• **AIM OF THE EXERCISE**
Leaving out every image, restate all the records word for word.

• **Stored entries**
************
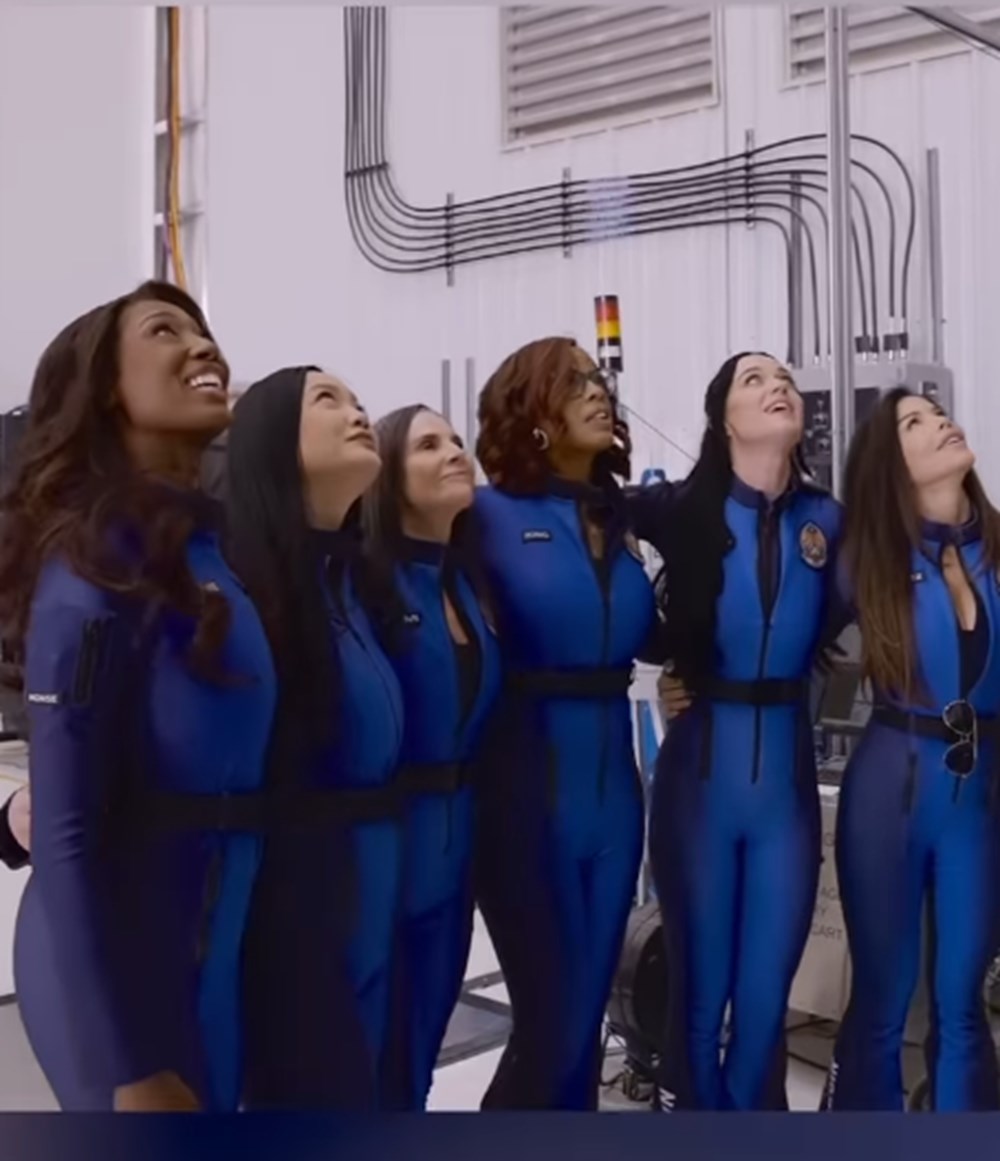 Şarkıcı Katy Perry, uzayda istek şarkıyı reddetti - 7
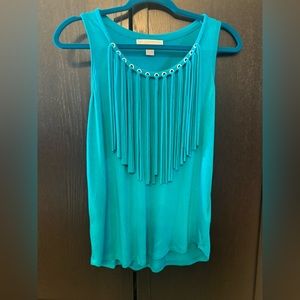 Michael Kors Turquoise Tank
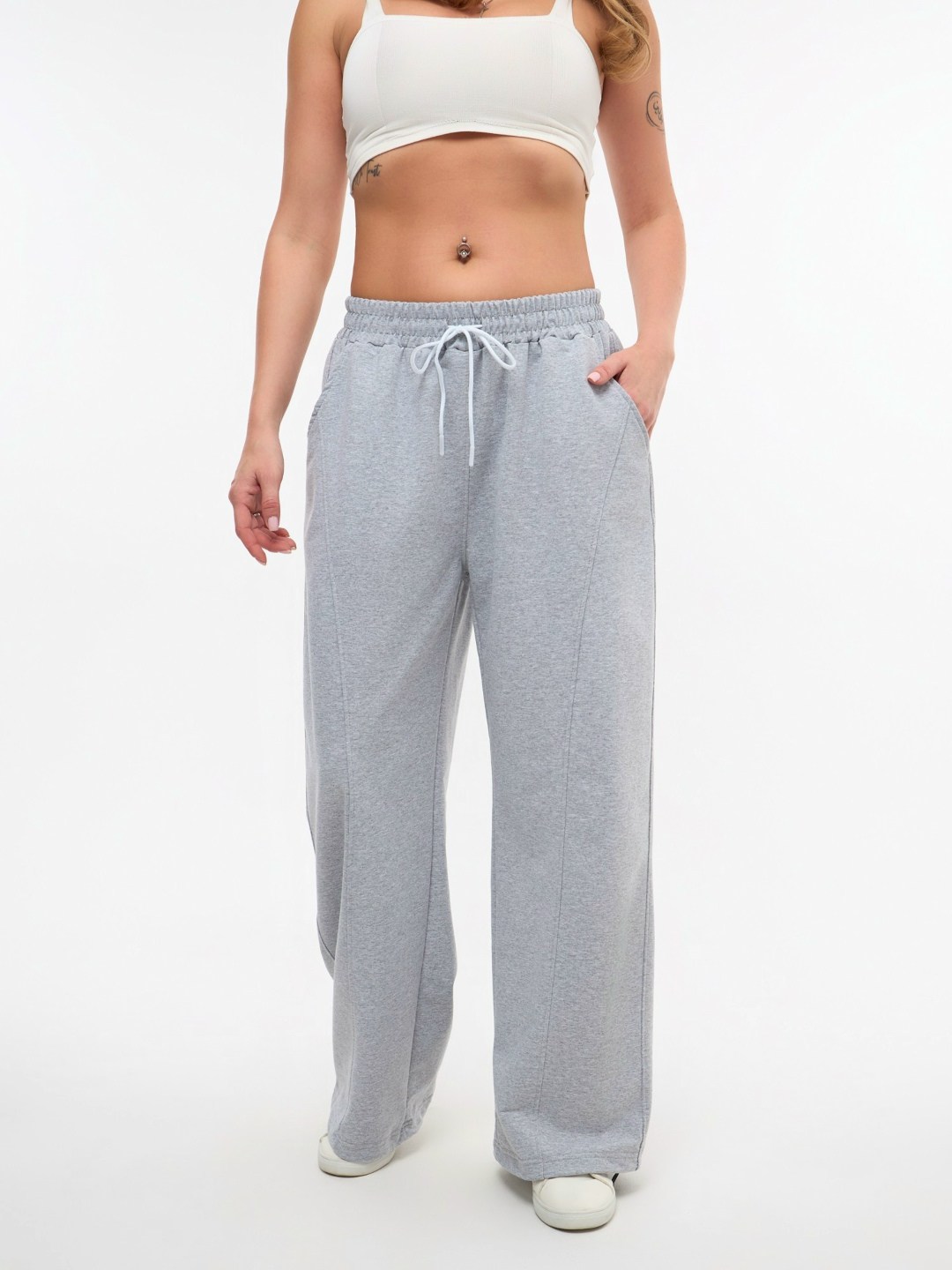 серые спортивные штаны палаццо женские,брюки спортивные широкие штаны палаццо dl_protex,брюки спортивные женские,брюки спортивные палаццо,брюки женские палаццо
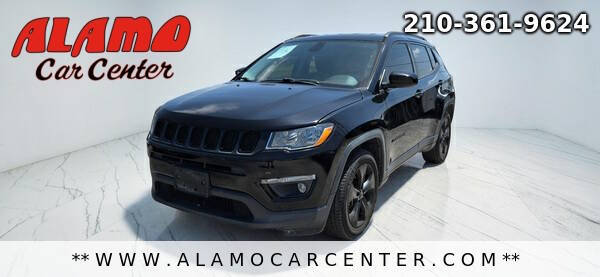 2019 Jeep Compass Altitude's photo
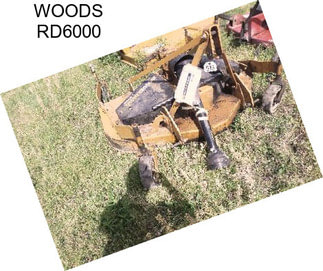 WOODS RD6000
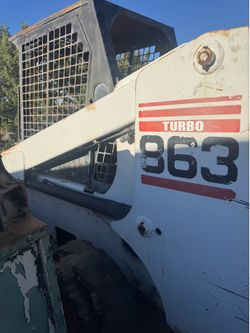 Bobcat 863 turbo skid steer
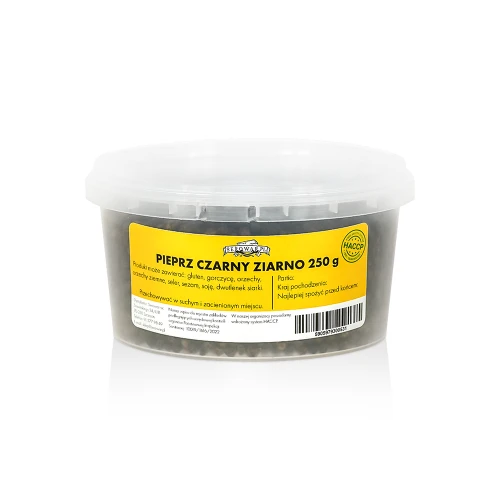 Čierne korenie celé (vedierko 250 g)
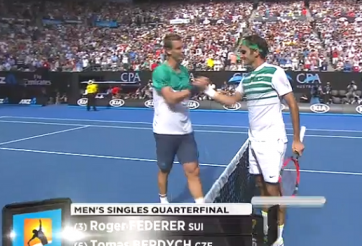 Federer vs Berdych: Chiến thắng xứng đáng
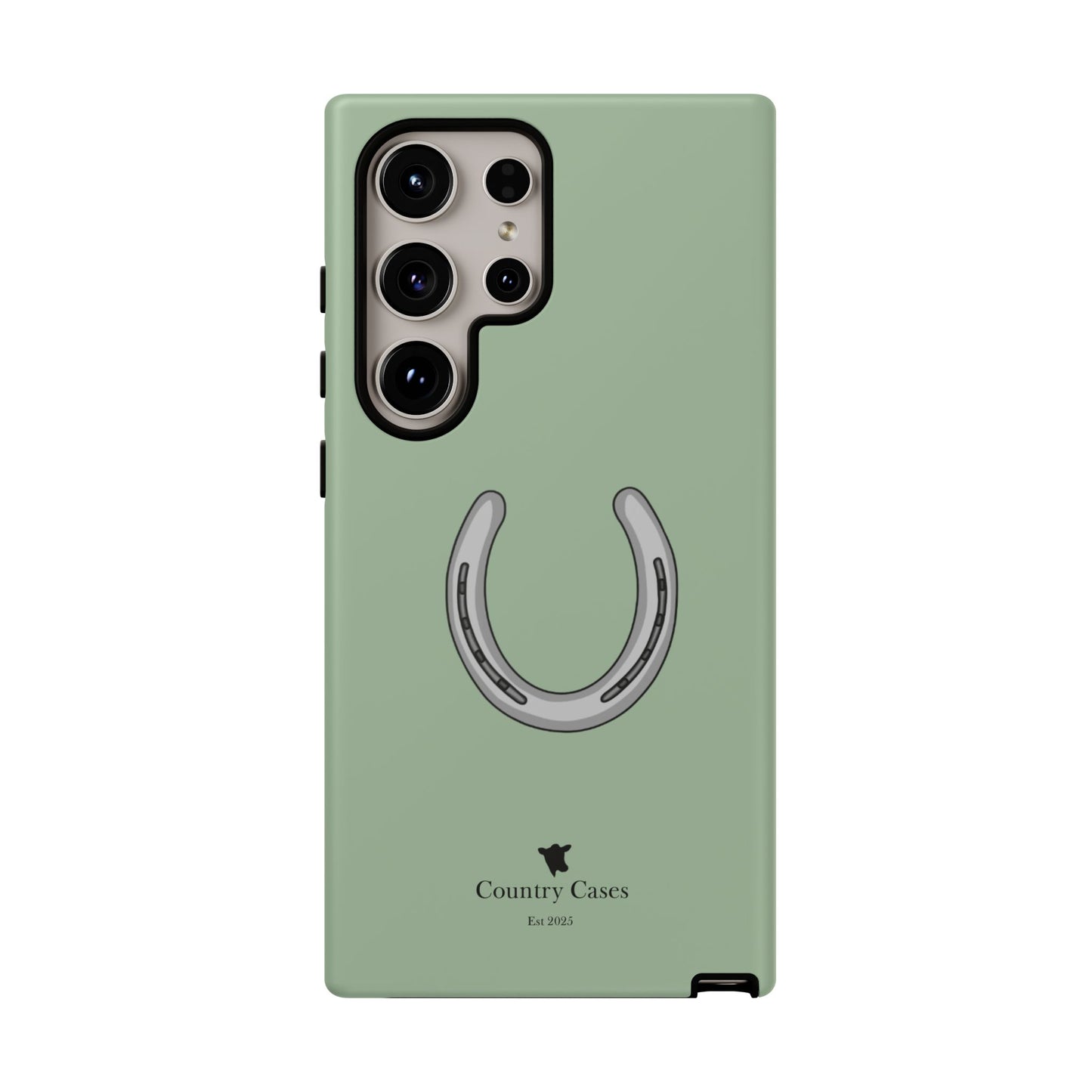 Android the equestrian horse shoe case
************
• **RESPONSE TO THIS EXERCISE**
 Şarkıcı Katy Perry, uzayda istek şarkıyı reddetti - 7
 Michael Kors Turquoise Tank
 серые спортивные штаны палаццо женские,брюки спортивные широкие штаны палаццо dl_protex,брюки спортивные женские,брюки спортивные палаццо,брюки женские палаццо
 2019 Jeep Compass Altitude's photo
 WOODS RD6000
 Bobcat 863 turbo skid steer
 Čierne korenie celé (vedierko 250 g)
 Federer vs Berdych: Chiến thắng xứng đáng
 Android the equestrian horse shoe case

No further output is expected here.